SUPPLIED RECORDS.
####
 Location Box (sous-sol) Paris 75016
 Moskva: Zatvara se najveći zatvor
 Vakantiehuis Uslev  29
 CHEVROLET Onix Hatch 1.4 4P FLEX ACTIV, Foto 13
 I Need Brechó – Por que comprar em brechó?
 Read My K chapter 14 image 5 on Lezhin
####
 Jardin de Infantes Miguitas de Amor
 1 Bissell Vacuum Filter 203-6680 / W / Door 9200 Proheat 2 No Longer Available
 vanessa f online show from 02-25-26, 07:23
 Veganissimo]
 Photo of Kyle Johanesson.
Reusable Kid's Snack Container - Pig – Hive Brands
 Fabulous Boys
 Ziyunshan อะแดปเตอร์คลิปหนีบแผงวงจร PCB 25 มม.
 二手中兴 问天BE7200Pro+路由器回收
####
Working from the records above, write out verbatim only the lines from the line containing "Location Box (sous-sol) Paris 75016" through the line containing "Read My K chapter 14 image 5 on Lezhin".

TASK RESPONSE.
 Location Box (sous-sol) Paris 75016
 Moskva: Zatvara se najveći zatvor
 Vakantiehuis Uslev  29
 CHEVROLET Onix Hatch 1.4 4P FLEX ACTIV, Foto 13
 I Need Brechó – Por que comprar em brechó?
 Read My K chapter 14 image 5 on Lezhin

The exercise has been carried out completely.